After unification Germany itself became uncompetitive. The main reason this was remedied within Europe was not “austerity” in Germany but the high inflation (which improved the relative competitiveness of German exports) and credit bubbles (which increased demand for these newly competitive German exports) in the so-called periphery economies. This was brought on by the European Central Bank (ECB) setting interest rates favorable to Germany but inappropriately low for these countries. And still Germany failed to consolidate its budget.
The prescription recommended for Ireland and the EMU is “austerity”; but without currency depreciation (an option outside EMU) expenditure cuts and tax increases simply make things worse. Ireland has had four austerity budgets already and its underlying budget deficit is 12 per cent with bond yield higher than before the crisis. However, Ireland is a much more open economy than other “peripheral” economies and to that extent it is possible to envisage the euro falling sufficiently to ameliorate its position, but a euro depreciation of a scale large enough to help the others is simply infeasible: within EMU, Spain, Greece and Portugal already insolvent.
The “Celtic Tiger” has never been liked by the EU establishment since its Anglo-Saxon nature threatened the more corporatist model favoured in core Europe. Despite this, Brussels was always happy to explain Ireland’s success in terms of Europe (as were most politicians in Ireland who are paid up members of the Brussels Club). In fact, the contrary is closer to the mark.

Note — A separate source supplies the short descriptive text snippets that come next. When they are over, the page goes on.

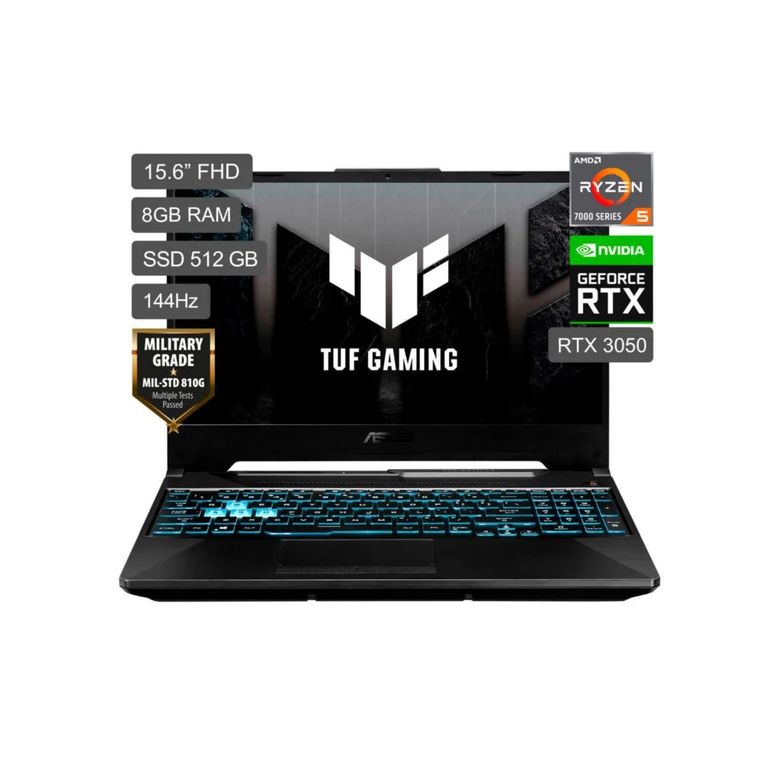 TUF A15 FA506N 15.6'' FHD 144Hz, AMD Ryzen 5 7535HS, 8GB, 512GB SSD, RTX 3050, Windows 11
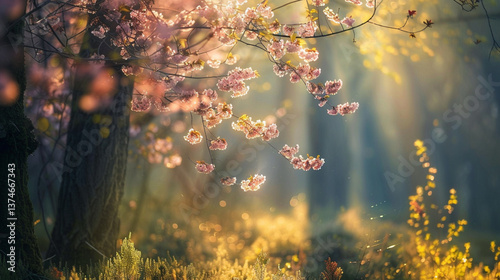 Sunrays coming through the trees
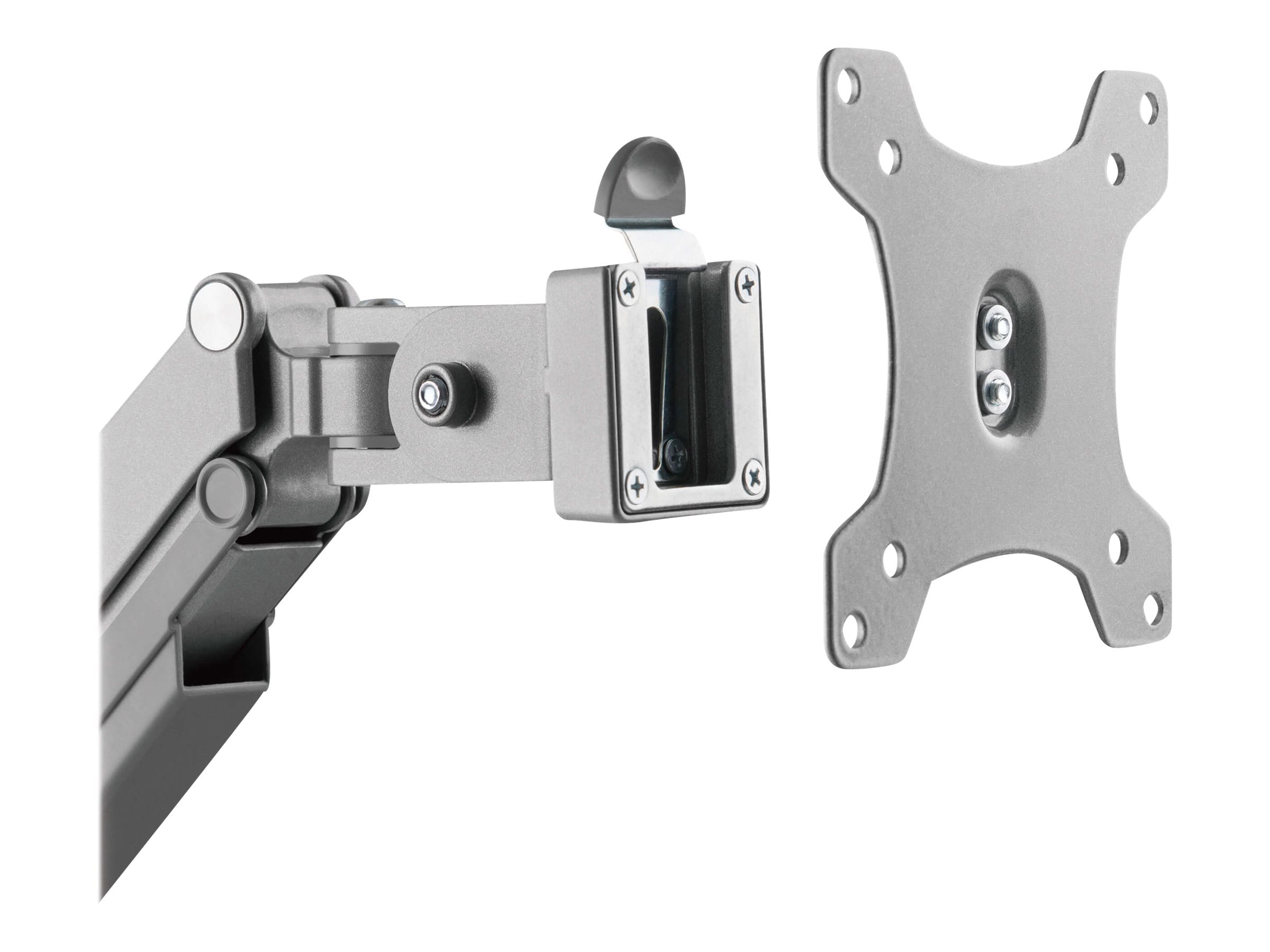 Tripp Eaton Tripp Lite Series Single-Display Flex-Arm Desktop Clamp for 17" to 32" Flat-Screen Displays - USB and Audio Ports, Aluminum - Befestigungskit - vollbeweglicher einstellbarer Arm - für Monitor - Aluminium, Stahl - Silber - Bildschirmgröße: 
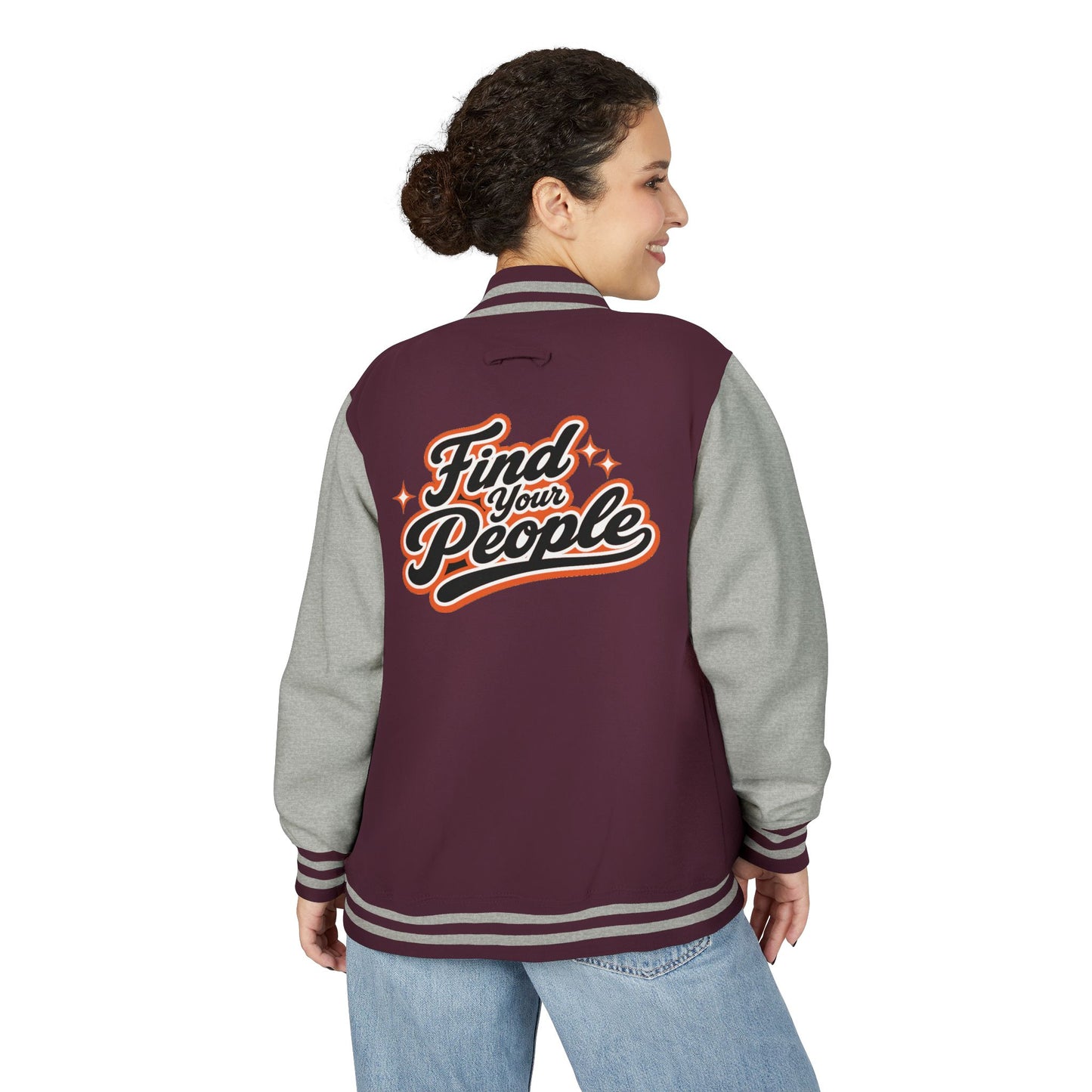 Letterman Jacket — "Find Your People" Retro Varsity Jacket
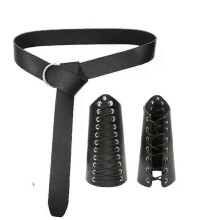 3 Piece Set Medieval Knight PU Leather Belt Set Viking Warrior Drawstring Wristband Halloween Role Play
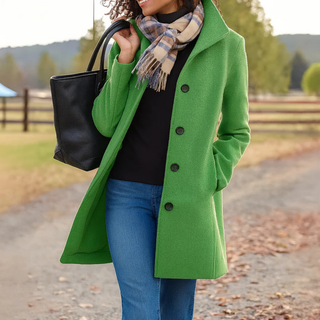 Jill | Manteau classique en laine avec écharpe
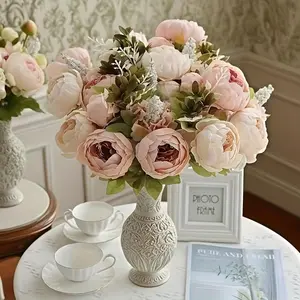 1PCS 13-Head Realistic Champagne Peony Artificial Flower Bouquet - Suitable for Elegant Home and Wedding Decoration, DIY Crafts, Weddings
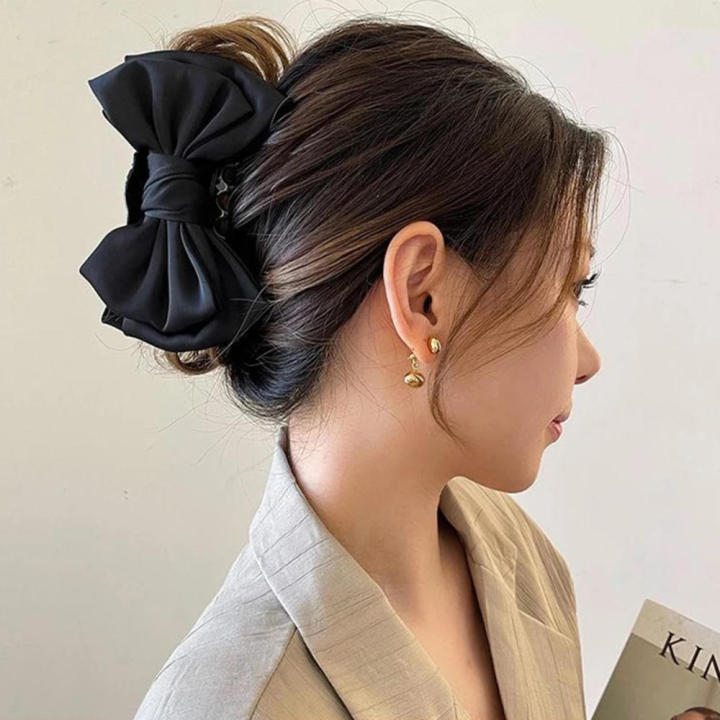 large size Black Double-sided Bow Clip Fashion Bow clip Satin surface Shark claws black Double sided Bow tie hair clip for Hair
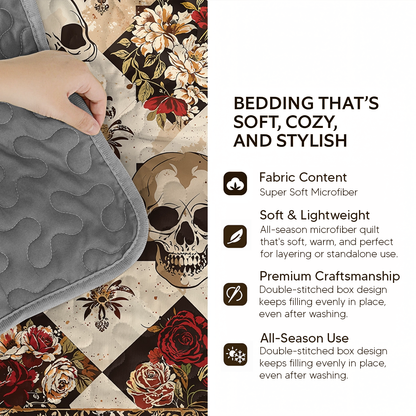 Pajabear Quilt 3-Piece Set Baroque Shadow Skull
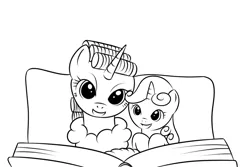 Size: 1500x1000 | Tagged: artist:kloudmutt, book, derpibooru import, hair curlers, monochrome, rarity, reading, safe, sisters, sweetie belle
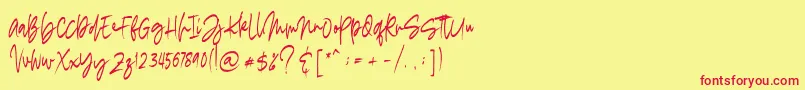 madigel free Font – Red Fonts on Yellow Background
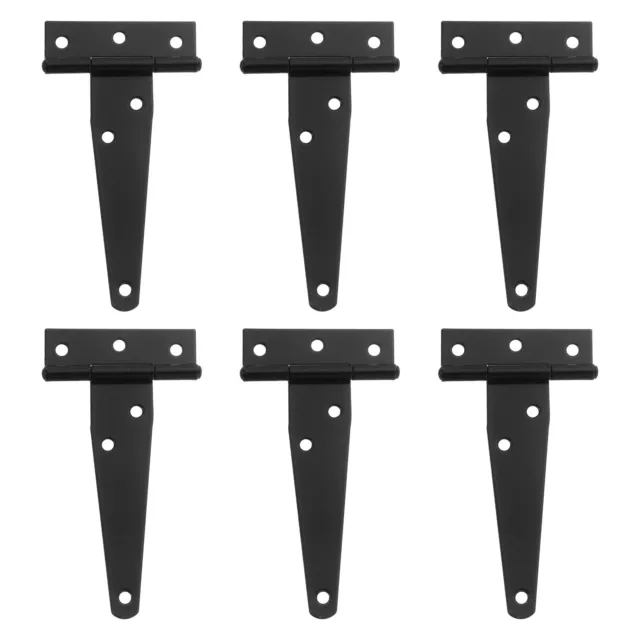 6Pcs T-Strap Door Hinges, 4" Wrought Tee Shed Gate Hinges Iron (Black)
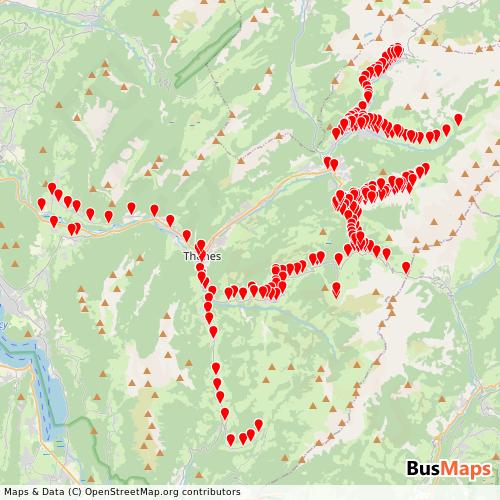 Transit map showing reseau-urbain-aravis-bus routes and stops in France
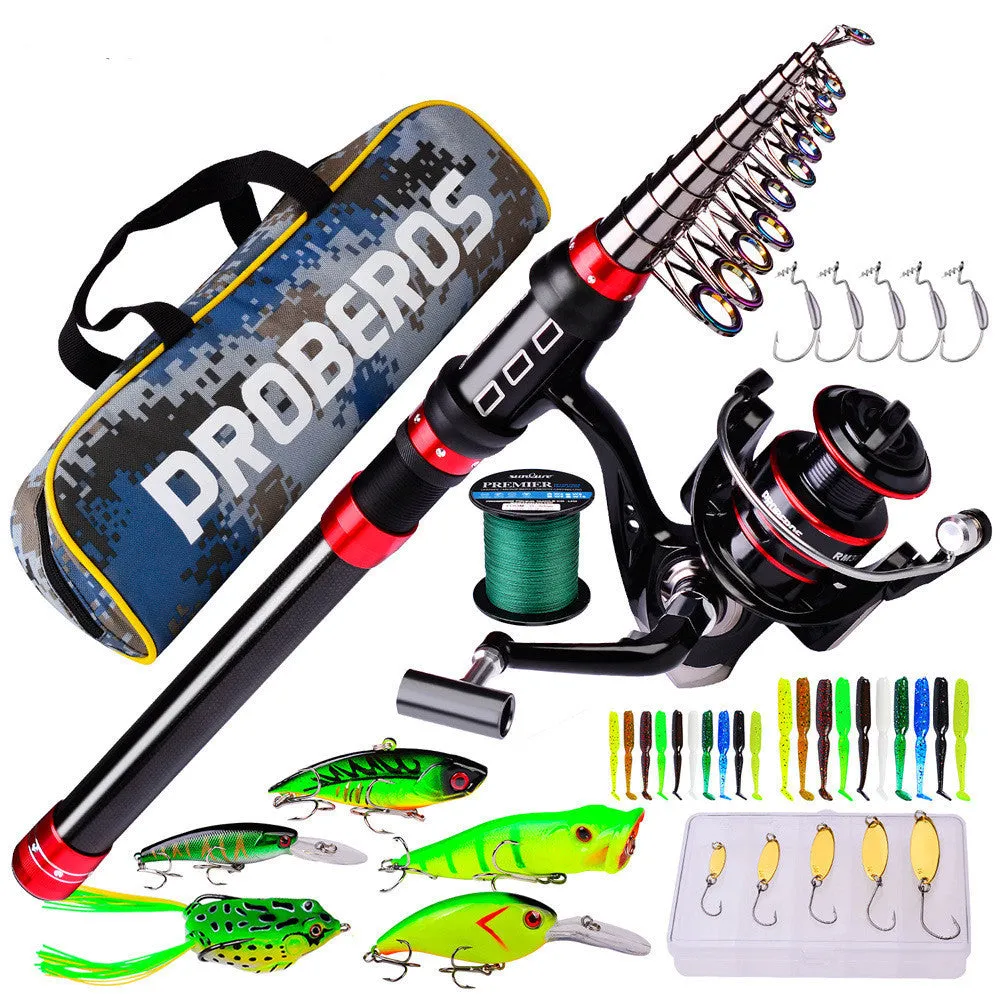Long cast fishing rod and reel combo set with PE line, assorted soft baits, hard lures and storage bag in red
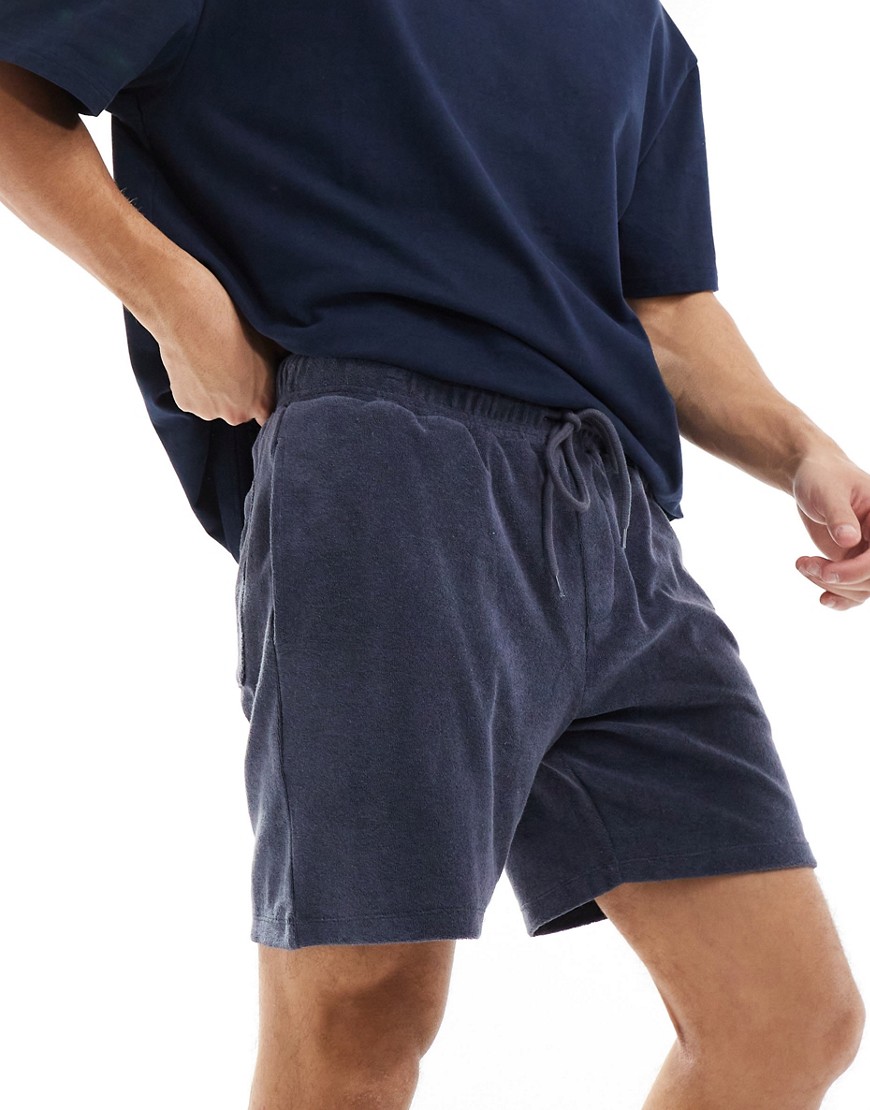 Asos Design Slim Towelling Shorts In Gray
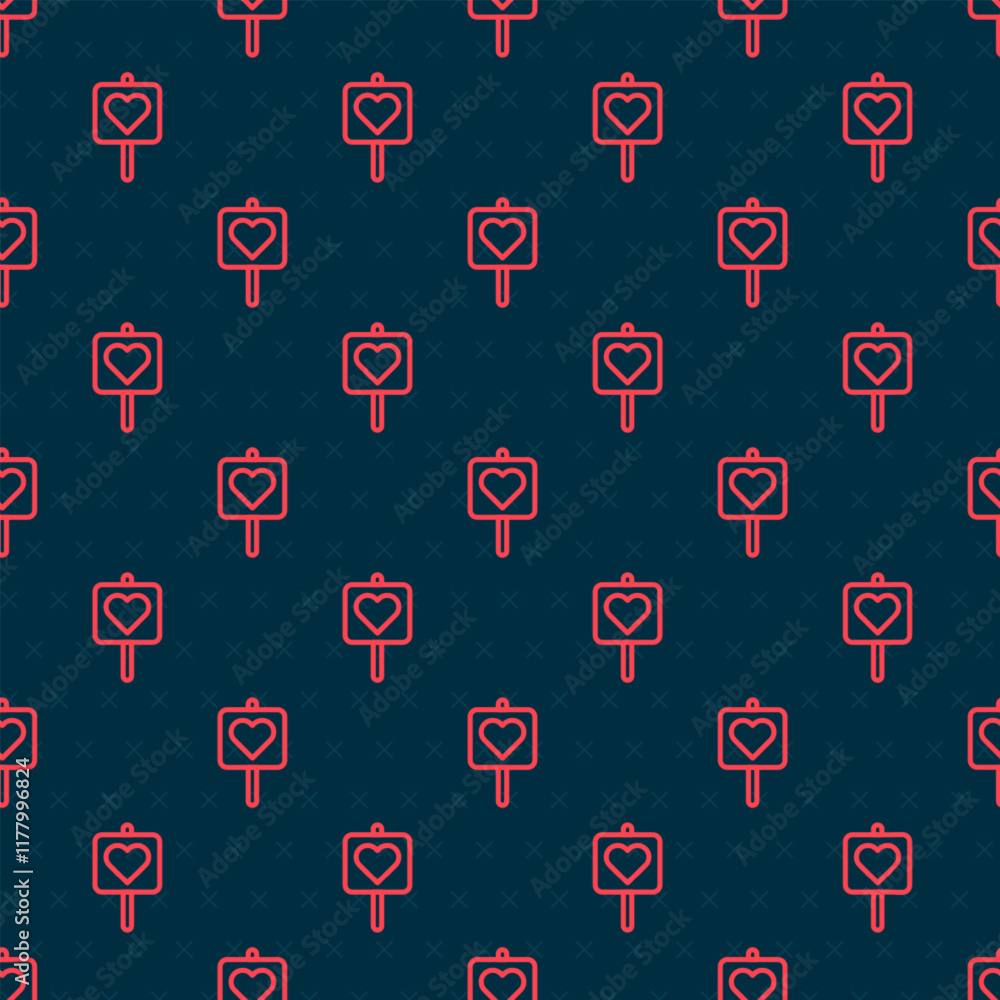 Poster red line map pointer with heart icon isolated seamless pattern on black background. valentines day. 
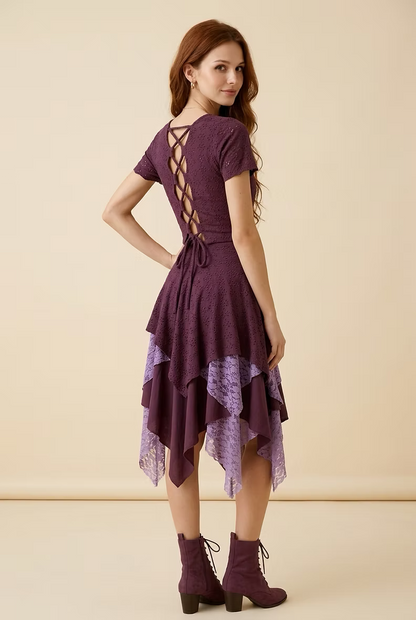 MYSTIC FLAME Lace Skirt – Purple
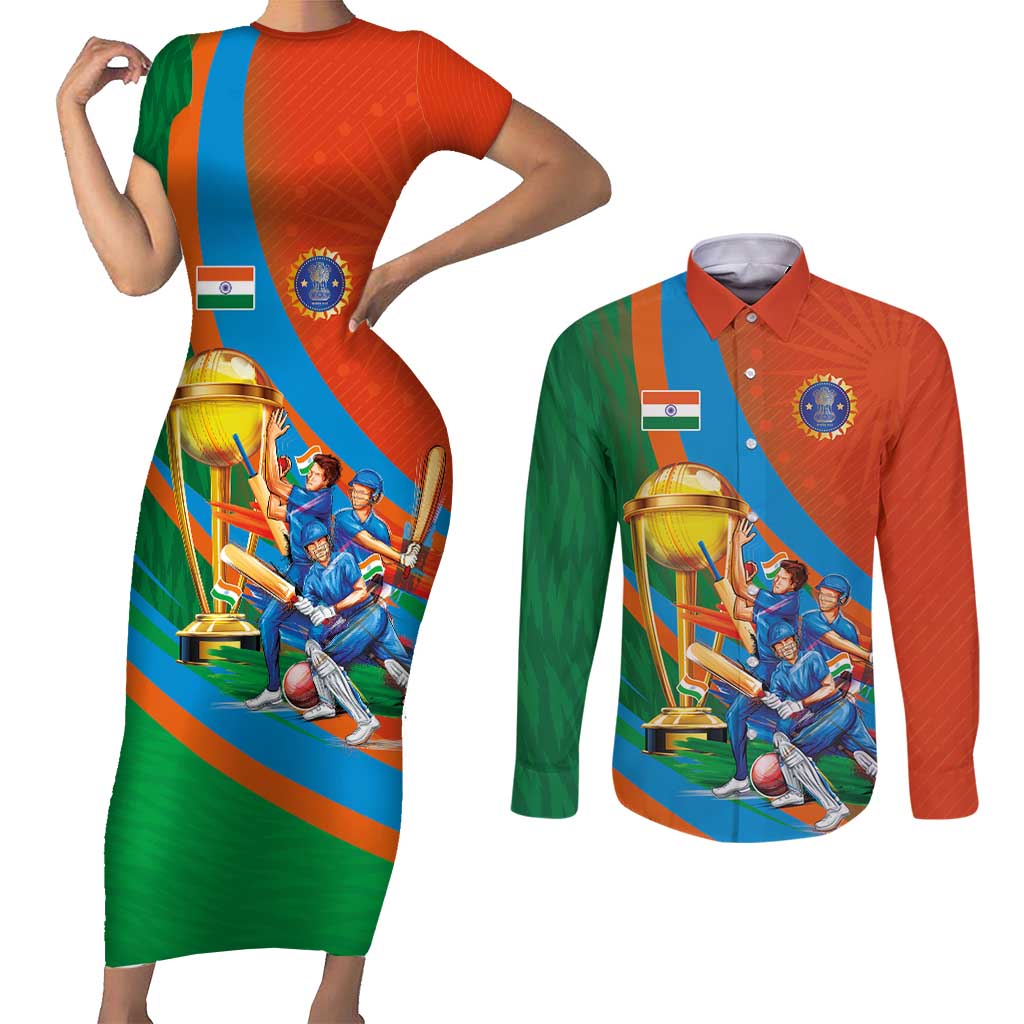 Indian Cricket Men in Blue The Champion 2025 Couples Matching Short Sleeve Bodycon Dress and Long Sleeve Button Shirt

It was the large devaluation within the ERM in August 1986 that made it possible for the Irish government to begin fiscal consolidation and restoring the country’s international credit standing. That Irish devaluation was followed by a domestic boom in Britain, which was by far Ireland’s biggest trading partner. Irish growth suffered a setback as a result of Britain’s ERM-created recession in the early 1990s and Sterling’s depreciation after September 1992 led to intolerable strains for Ireland. Reluctantly, the government did the rational thing in January 1993 and devalued massively and, together with the widening of the ERM bands in August 1993, in effect gave the Ireland monetary policy independence for the first time in the country’s history.
The problem, for Ireland and the rest, is EMU. Those running the “project” either can’t admit this or, if they do (and some do), the current crisis is seen as an opportunity to further erode national sovereignty. The aim: to make Ireland (and others) a “Protectorate” of the EU. The wretched EMU is not only reaping economic damage but threatens residual sovereignty and freedoms within the EU.